A FEW years ago - and a hundred years after his death - tardy recognition was made of the genius of a great engineering pioneer, Richard Trevithick, by the unveiling of a statue of him at Camborne, Cornwall. In one hand of the figurer is a model of what was really the first locomotive to be built, that is, the first steam engine which could haul a load along a built track. Before Trevithick such tentative machines as had been made were only steam-driven carriages for travel on roads.
Trevithick was born on April 13,1771, at Carn Brea, not far from Camborne, his father being manager of the Dolcoath Mine and other mines. He was the only boy of a family of five, and when he reached his schooldays he seems to have been anything but a model scholar. The letters of his manhood show that he had not mastered spelling, but he was good at arithmetic and so quick and observant in practical matters that he rapidly picked up mining methods. At the age of twenty-one his reputation for practical engineering was such that mineowners trusted him to report on the comparative merits of the different kinds of pumping engines in Cornwall.
At that time the efficient Boulton and Watt engine had a number of imitators, but the patent protecting it could not be upset. In 1795 the activities of Trevithick and of another engineer named Bull were checked by an injunction for infringement. This, however, merely turned Trevithick’s inventiveness into another channel and the next year or two saw his invention of a water-pressure pumping engine and the building of his first steam carriage. The steam carriage appeared in 1801.
The Boulton and Watt patent had now expired and Trevithick was free to develop his ideas. In 1802 he patented steam engines for stationary and for locomotive use, which had pressures as high as 145 lb, as against the normal Watt pressure of about 5 lb per square inch. This increase was a marked advance in steam engineering. It was, indeed, before its time, as later engineers reverted to lower pressures, primarily for the reason that boiler making was for long carried on in a primitive way. One of the difficulties in the way of making sound boilers was that of obtaining suitable plates. Another was that the correct principles of design were barely understood. Trevithick used cast iron at first but later developed a simple and safe type made of plates. This, under the name of the Cornish boiler, is still manufactured.

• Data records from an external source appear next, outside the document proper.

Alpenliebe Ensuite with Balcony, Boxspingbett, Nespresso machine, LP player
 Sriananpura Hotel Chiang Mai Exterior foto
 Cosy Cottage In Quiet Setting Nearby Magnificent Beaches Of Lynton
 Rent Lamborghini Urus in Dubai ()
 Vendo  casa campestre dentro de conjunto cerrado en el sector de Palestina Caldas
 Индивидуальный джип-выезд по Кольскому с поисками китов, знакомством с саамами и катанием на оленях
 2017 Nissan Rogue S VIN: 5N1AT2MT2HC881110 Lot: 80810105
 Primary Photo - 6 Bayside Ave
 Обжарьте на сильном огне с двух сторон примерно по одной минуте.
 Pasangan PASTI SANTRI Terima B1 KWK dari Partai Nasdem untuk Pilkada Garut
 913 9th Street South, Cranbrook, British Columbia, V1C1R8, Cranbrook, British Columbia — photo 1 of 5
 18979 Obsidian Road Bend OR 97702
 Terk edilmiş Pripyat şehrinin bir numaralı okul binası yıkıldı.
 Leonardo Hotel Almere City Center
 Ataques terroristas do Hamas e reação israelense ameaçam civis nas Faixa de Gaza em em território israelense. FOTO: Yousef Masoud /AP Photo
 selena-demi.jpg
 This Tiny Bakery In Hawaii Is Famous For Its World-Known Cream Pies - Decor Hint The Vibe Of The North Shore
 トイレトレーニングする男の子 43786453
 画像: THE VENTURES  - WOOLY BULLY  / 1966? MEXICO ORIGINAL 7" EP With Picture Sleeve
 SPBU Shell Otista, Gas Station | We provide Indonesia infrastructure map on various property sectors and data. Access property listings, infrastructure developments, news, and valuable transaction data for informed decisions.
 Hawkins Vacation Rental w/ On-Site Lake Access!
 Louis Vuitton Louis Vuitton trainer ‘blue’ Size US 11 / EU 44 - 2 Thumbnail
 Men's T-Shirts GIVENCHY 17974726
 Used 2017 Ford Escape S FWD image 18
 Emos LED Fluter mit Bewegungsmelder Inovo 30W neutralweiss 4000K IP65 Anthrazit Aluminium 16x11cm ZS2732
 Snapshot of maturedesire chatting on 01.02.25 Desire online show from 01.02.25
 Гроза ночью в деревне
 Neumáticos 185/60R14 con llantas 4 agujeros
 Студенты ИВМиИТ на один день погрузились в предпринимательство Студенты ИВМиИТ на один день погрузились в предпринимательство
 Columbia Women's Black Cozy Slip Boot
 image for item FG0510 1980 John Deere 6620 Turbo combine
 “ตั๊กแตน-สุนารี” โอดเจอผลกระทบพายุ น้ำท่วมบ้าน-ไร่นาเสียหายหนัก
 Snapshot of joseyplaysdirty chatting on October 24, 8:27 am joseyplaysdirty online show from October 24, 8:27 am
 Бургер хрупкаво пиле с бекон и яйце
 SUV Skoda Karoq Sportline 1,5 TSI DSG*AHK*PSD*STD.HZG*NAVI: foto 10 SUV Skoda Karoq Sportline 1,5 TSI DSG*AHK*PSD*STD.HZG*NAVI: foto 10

The most decisive step was taken in 1804, when the first real locomotive was built. This was made for a colliery tramroad at Penydarran, near Merthyr Tydfil, South Wales. On one of its first trials it went at a speed of five miles an hour, hauling 10 tons of iron and seventy men in five wagons, a feat, far in excess of what could be done with the horse haulage it displaced. This engine was ultimately discarded, as the cast-iron rails on which the train ran had not been built for such a heavy load and kept breaking. Trevithick made a second locomotive for a Newcastle Colliery, and it was a poor copy of this that started the famous George Stephenson on his successful career of locomotive building. Trevithick’s final locomotive was exhibited on a circular track in London, but it attracted little attention. The inventor then devoted his time to improving the stationary steam engine.
The date of the London locomotive was 1808, and from then till 1810 Trevithick remained in that city, full of energy and ready to turn his hand to anything in the way of engineering. He fitted his engines to dredgers on the River Thames and was concerned with an attempt to drive a tunnel under the river between Rotherhithe and Limehouse (see The First Thames Tunnel). In this again he was before his day. The list of patents he took out while in London is striking. They covered machinery for towing ships and discharging cargo, iron tanks for cargo storage - a sound scheme, as the leaky wooden hulls of the time often ruined a cargo - iron floating docks, iron masts, iron ships and iron buoys.
To a more worldly-minded man than Trevithick fortune would have now come, but he seems to have been habitually indifferent in monetary affairs, and imprisonment for debt and a serious illness followed. Having returned to Cornwall, Trevithick remained there until 1816, still actively inventive and energetic. Notable inventions of this period were steam-driven agricultural machines and a screw propeller. Then, having superintended the building of high-pressure winding engines and pumping engines for a Peruvian mine, he set out with them - and with high hopes - for Lima. Eleven years of frustration and wandering followed, civil war having brought mining to an end.
Back in London, Trevithick became a consulting engineer, drawing up schemes for reclaiming part of the Zuider Zee, and investigating mechanical refrigeration, superheating and surface condensers - all to become the subjects of attention by others in later days. Plans for a tower 1,000 feet in height, in commemoration of the passing of the Reform Bill, anticipated Eiffel in
intention though not in performance. Trevithick’s last days were again clouded by poverty. He died at Dartford (Kent) in the year 1833 and lies there in some lonely unknown grave.